Friday, February 25, 2011

Can buying local lead to inflation?

Russ Roberts blogs over at the Café about buying local in “Don’t follow the money.”  In his post, Russ talks about why buying local can be loco, especially if you’re spending more to essentially get less.  Makes sense to me.  

A reader then posts a comment linking buying local to inflation.  It’s an interesting comment, and while in theory it could happen, I’m skeptical.  So, I’ll throw it out there and perhaps we can get Prof J to leave a few comments.

Here’s the quote from Michael:

“Since local production omits economies of scale, production will be lower and less goods and services will be produced.
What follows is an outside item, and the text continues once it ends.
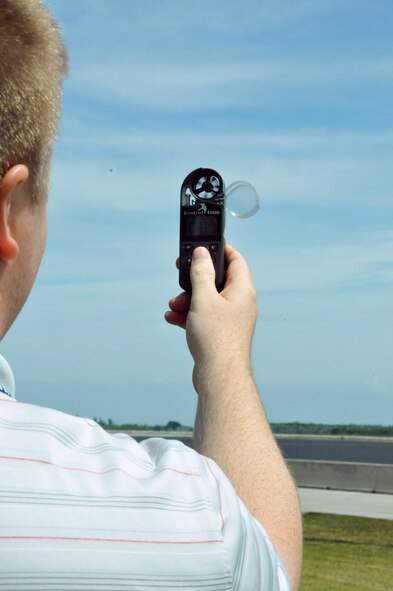 Mr. Jonathon George, 482nd Fighter Wing Weather Flight station chief, uses a Kestrel 4,000, or pocket weather tracker, near the flightline of Homestead Air Reserve Base, Fla., March 15. The Kestrel 4,000 measures wind speed, temperature, and air pressure. (U.S. Air Force photo/Senior Airman Jaimi Upthegrove)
Goods will be sold outside the community, but only green pieces of paper will come in - not other goods. The amount of money inside the community will increase while the goods and resources they represent will diminish - therefore, inflation. Prices will continue to rise from this localized inflation.”

1 comment:

  1. Michael appears to be saying that only one community will buy locally, but expect to sell their goods to other communities. I don't see how this would result in no economies of scale. I can only see how households will be limited in their choices of consumption. This doesn't seem like an accurate presentation of what a successful "buy local" campaign would deliver.

    Nevertheless, if one only bought locally, but sold globally, then I would expect we'd see the relative price of goods in the local community increase. But, as I say, the framework needed for this result seems implausible.